### [WORK TO BE COMPLETED]
Using the data below, print exactly the line with "Саратовские полицейские сожгли", the line with "Платье-миди из трикотажа", and every line between them, but none of the pictures.

### [RECORDS SUPPLIED]
▼

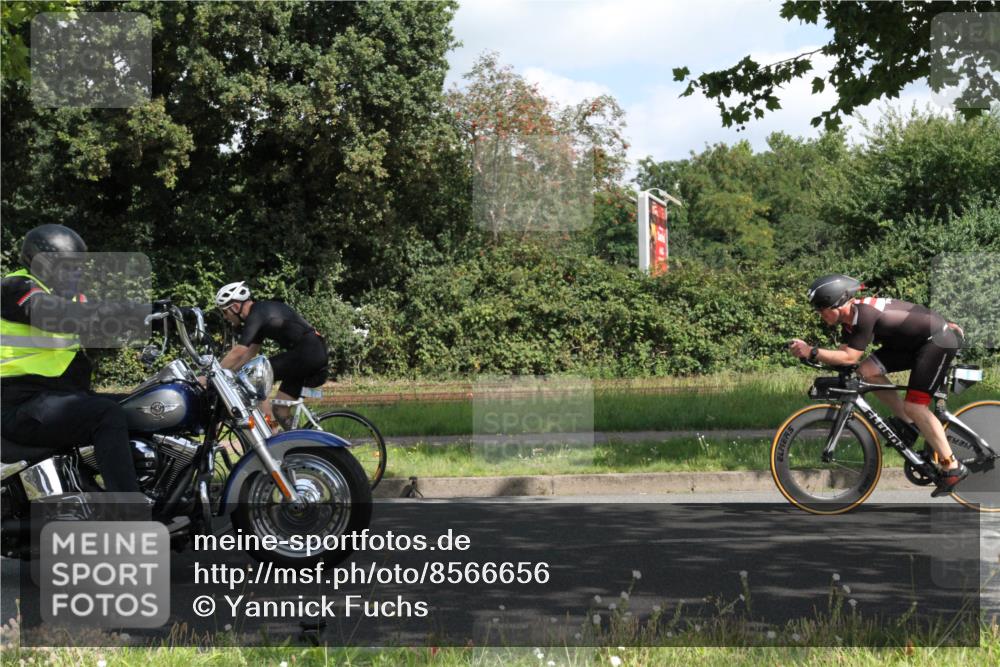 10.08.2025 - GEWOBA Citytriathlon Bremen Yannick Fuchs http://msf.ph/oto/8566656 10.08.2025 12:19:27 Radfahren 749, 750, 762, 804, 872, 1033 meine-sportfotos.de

▲
▼

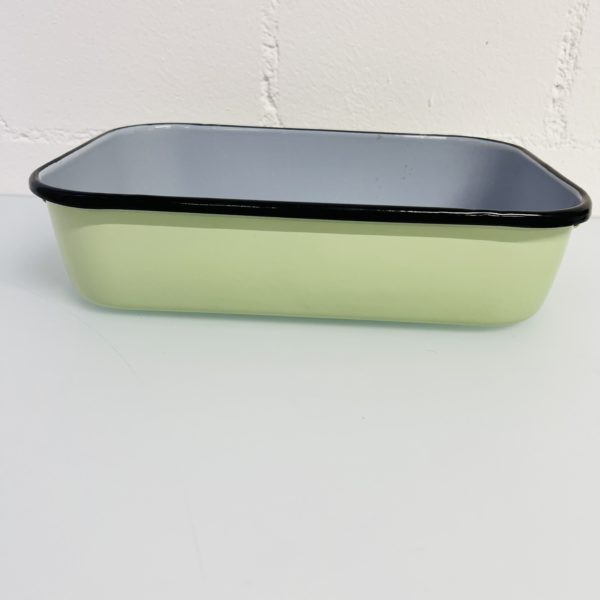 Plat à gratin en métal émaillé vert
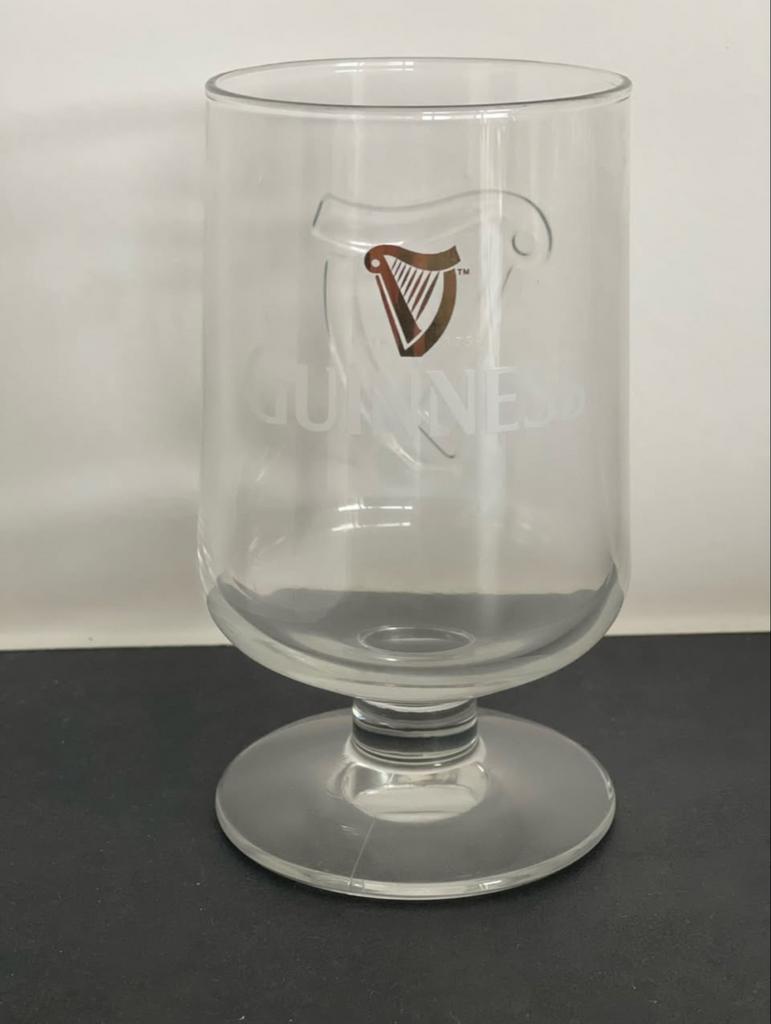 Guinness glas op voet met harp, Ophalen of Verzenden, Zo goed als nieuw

▲
▼

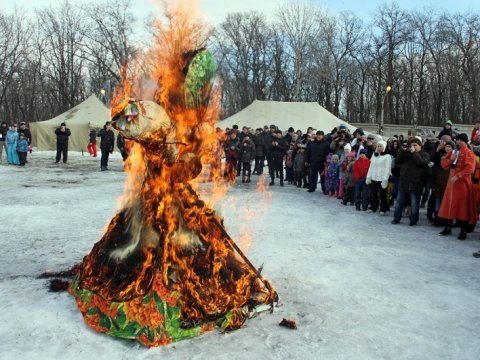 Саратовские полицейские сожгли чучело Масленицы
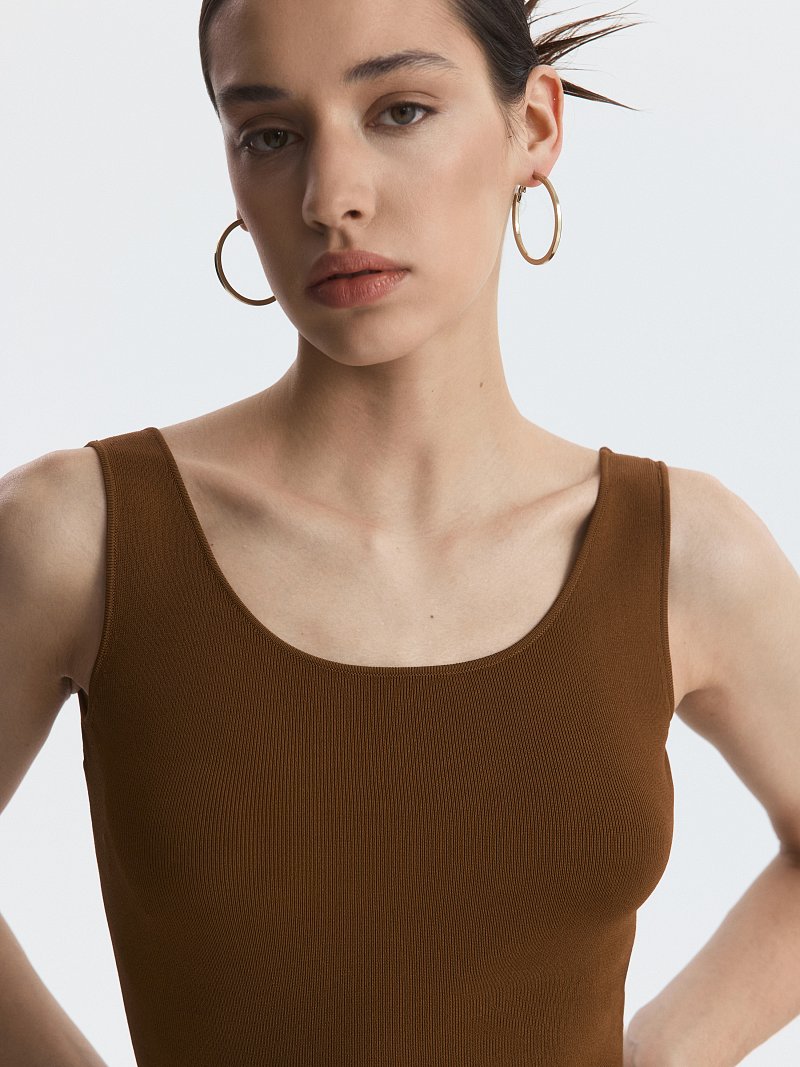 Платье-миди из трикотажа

▲

### [ANSWER TO THIS EXERCISE]
 Саратовские полицейские сожгли чучело Масленицы
 Платье-миди из трикотажа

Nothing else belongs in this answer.